══ TASK MATERIAL ══

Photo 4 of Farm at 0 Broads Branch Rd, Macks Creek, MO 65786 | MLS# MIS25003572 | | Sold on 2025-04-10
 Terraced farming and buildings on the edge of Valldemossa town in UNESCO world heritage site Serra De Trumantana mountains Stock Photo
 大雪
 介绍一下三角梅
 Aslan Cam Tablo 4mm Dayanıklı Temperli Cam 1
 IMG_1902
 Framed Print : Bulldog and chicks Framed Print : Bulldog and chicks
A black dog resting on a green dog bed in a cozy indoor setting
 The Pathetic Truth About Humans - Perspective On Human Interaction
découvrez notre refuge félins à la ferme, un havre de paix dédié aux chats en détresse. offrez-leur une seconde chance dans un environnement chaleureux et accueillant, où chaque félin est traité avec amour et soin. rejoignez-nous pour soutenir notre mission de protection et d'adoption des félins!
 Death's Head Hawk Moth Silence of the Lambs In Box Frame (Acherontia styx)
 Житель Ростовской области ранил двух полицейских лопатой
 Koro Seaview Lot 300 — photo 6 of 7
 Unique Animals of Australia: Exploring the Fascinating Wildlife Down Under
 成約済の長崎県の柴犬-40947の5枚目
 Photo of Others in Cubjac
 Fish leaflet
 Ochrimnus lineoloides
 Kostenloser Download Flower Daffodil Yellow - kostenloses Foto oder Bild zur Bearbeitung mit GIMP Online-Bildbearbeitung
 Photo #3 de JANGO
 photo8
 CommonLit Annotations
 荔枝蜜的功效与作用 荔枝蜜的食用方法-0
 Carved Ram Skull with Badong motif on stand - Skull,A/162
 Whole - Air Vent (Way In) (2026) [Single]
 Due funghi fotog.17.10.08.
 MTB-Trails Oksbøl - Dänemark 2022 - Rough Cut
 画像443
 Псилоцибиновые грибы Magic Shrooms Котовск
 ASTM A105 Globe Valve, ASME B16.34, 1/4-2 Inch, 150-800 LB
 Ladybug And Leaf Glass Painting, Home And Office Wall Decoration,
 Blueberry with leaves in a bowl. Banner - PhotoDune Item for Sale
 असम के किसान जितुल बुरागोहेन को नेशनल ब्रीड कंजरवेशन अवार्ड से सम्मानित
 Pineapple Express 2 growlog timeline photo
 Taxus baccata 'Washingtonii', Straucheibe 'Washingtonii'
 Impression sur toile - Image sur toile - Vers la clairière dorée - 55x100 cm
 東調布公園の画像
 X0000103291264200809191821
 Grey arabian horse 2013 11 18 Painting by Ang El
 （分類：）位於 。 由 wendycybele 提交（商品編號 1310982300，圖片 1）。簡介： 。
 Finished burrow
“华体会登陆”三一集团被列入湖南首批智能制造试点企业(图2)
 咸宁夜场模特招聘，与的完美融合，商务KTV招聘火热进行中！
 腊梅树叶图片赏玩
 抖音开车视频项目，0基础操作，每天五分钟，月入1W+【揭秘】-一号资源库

═══

> **TASK DESCRIPTION**:
Retype the listing from its first line onward, stopping after the line that contains "découvrez notre refuge" has been retyped in full.

> **YOUR SOLUTION**:
Photo 4 of Farm at 0 Broads Branch Rd, Macks Creek, MO 65786 | MLS# MIS25003572 | | Sold on 2025-04-10
 Terraced farming and buildings on the edge of Valldemossa town in UNESCO world heritage site Serra De Trumantana mountains Stock Photo
 大雪
 介绍一下三角梅
 Aslan Cam Tablo 4mm Dayanıklı Temperli Cam 1
 IMG_1902
 Framed Print : Bulldog and chicks Framed Print : Bulldog and chicks
A black dog resting on a green dog bed in a cozy indoor setting
 The Pathetic Truth About Humans - Perspective On Human Interaction
découvrez notre refuge félins à la ferme, un havre de paix dédié aux chats en détresse. offrez-leur une seconde chance dans un environnement chaleureux et accueillant, où chaque félin est traité avec amour et soin. rejoignez-nous pour soutenir notre mission de protection et d'adoption des félins!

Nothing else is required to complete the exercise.